- [REQUIRED ACTION]
Below are entries; copy exactly the lines from the one with "вышивка, объемн.печать, инд.уп." through the one with "Join Us Sunday, African", both included, and leave out the rest.

- [SUPPLIED RECORDS]

=== Section Start ===

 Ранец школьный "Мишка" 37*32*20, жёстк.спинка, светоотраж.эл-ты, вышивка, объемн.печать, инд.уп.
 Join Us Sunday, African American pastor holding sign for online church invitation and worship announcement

=== Section End ===
=== Section Start ===

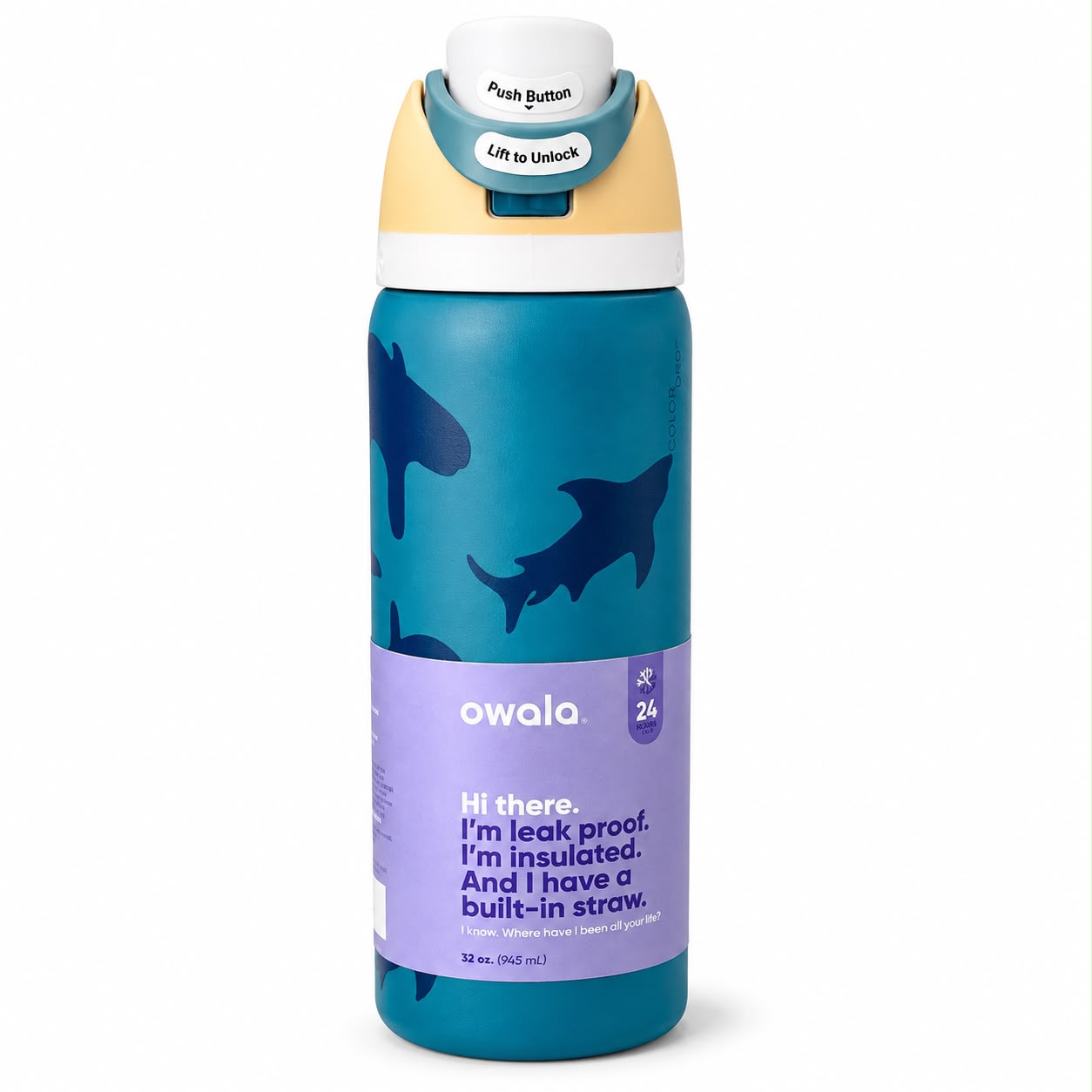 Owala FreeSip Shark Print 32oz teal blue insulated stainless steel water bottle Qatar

=== Section End ===
=== Section Start ===

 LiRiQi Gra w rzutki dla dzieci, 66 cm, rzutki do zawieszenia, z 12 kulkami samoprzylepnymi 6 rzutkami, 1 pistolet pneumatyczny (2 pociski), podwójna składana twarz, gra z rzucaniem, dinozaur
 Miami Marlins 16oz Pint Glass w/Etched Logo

=== Section End ===

- [PROBLEM SOLUTION]
 Ранец школьный "Мишка" 37*32*20, жёстк.спинка, светоотраж.эл-ты, вышивка, объемн.печать, инд.уп.
 Join Us Sunday, African American pastor holding sign for online church invitation and worship announcement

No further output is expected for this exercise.